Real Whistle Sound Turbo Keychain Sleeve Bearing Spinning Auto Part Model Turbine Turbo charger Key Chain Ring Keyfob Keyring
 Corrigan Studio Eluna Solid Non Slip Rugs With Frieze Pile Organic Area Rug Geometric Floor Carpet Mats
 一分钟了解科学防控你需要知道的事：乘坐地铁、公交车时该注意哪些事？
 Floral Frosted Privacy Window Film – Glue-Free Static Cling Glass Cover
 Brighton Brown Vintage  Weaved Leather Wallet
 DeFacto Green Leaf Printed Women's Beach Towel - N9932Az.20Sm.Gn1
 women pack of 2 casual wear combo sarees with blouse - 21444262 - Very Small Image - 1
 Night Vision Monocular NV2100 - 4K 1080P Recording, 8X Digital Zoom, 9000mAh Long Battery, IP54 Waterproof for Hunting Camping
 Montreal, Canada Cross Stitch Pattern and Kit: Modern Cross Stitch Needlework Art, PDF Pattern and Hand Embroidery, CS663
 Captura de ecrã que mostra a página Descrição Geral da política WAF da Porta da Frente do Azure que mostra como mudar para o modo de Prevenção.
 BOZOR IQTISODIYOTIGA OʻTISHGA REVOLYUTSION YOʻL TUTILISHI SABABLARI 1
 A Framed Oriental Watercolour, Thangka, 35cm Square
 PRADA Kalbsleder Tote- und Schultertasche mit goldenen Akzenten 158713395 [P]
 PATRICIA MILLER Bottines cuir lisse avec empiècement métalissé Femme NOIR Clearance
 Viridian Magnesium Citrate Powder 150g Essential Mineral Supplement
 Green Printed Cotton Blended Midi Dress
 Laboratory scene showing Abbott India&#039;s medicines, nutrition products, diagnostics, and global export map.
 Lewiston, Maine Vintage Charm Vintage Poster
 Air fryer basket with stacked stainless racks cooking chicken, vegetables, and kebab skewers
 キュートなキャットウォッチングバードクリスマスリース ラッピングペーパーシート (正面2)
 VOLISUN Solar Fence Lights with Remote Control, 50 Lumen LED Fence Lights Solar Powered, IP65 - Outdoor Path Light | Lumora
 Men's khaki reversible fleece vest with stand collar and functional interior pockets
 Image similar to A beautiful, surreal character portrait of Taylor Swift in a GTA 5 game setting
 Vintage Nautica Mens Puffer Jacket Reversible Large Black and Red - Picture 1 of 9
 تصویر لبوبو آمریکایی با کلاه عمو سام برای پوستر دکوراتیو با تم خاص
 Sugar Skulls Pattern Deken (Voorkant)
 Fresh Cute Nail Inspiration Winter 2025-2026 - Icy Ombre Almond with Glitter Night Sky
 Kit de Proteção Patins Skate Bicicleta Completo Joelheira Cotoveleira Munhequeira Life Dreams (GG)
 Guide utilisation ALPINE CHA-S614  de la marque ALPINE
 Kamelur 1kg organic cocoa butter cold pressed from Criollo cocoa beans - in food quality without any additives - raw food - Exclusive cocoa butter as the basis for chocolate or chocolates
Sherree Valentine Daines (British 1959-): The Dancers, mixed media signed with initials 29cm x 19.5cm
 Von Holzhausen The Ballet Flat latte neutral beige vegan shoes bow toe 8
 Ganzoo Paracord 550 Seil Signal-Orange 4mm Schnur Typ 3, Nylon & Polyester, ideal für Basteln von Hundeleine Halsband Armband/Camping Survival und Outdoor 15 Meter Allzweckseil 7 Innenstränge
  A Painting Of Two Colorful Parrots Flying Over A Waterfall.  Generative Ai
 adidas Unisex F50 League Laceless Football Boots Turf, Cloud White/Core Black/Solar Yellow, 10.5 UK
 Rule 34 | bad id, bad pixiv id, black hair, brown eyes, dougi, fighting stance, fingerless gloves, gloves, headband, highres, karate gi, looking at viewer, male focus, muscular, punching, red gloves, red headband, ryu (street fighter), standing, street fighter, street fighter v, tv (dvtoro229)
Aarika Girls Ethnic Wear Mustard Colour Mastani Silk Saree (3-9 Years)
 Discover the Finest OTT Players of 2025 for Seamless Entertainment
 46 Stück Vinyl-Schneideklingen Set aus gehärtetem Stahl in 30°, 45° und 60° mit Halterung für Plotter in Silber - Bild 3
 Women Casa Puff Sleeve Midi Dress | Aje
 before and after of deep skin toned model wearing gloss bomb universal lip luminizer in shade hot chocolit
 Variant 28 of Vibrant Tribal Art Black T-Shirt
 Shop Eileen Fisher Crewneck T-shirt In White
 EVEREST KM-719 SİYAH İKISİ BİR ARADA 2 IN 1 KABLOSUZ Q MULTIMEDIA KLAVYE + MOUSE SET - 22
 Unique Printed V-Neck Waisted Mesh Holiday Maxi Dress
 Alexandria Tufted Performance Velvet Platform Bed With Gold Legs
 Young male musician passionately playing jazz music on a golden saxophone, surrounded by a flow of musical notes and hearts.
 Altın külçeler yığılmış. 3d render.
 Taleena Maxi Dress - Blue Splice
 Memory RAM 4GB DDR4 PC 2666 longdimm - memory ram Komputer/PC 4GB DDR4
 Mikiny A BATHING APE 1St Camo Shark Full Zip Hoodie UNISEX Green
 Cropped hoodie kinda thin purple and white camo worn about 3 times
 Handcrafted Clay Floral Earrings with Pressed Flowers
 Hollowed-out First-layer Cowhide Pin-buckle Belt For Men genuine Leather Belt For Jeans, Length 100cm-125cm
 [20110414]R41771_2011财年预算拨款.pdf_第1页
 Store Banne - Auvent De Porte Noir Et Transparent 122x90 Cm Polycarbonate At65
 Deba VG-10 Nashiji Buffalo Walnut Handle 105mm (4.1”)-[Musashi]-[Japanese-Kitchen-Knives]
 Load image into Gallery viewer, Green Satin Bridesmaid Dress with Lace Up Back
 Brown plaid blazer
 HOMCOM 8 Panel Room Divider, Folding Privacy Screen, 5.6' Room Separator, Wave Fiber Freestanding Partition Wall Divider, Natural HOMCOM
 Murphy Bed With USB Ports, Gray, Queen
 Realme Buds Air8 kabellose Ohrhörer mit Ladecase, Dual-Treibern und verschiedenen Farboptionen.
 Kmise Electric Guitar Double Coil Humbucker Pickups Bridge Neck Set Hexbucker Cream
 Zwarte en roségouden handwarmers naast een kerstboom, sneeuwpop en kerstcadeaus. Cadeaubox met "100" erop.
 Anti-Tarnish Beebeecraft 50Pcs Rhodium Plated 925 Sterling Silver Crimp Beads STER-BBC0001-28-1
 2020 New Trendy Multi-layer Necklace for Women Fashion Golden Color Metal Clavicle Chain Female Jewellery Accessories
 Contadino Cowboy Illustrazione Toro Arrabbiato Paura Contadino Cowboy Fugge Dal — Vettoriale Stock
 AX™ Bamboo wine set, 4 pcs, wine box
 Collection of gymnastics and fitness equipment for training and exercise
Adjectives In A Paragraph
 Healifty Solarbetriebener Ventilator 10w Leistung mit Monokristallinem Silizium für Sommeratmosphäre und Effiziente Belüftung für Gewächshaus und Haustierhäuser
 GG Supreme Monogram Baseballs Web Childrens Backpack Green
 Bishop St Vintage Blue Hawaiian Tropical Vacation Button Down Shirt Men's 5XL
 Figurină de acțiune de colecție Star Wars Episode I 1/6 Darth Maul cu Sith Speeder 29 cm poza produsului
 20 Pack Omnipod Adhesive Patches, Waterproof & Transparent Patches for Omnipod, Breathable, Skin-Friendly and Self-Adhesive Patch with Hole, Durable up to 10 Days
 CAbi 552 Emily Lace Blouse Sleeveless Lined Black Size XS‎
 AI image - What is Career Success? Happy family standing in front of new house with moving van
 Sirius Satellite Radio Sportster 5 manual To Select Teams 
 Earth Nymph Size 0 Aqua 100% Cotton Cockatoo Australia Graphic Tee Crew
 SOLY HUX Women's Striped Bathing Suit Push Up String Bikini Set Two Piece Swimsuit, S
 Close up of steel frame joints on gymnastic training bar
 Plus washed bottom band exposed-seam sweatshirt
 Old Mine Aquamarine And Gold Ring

_____

**Work order**
The lines above starting at the one that contains "Von Holzhausen The" and ending at the one that contains "Aarika Girls Ethnic" must be transcribed exactly, and no other lines may appear.

**Task response**
 Von Holzhausen The Ballet Flat latte neutral beige vegan shoes bow toe 8
 Ganzoo Paracord 550 Seil Signal-Orange 4mm Schnur Typ 3, Nylon & Polyester, ideal für Basteln von Hundeleine Halsband Armband/Camping Survival und Outdoor 15 Meter Allzweckseil 7 Innenstränge
  A Painting Of Two Colorful Parrots Flying Over A Waterfall.  Generative Ai
 adidas Unisex F50 League Laceless Football Boots Turf, Cloud White/Core Black/Solar Yellow, 10.5 UK
 Rule 34 | bad id, bad pixiv id, black hair, brown eyes, dougi, fighting stance, fingerless gloves, gloves, headband, highres, karate gi, looking at viewer, male focus, muscular, punching, red gloves, red headband, ryu (street fighter), standing, street fighter, street fighter v, tv (dvtoro229)
Aarika Girls Ethnic Wear Mustard Colour Mastani Silk Saree (3-9 Years)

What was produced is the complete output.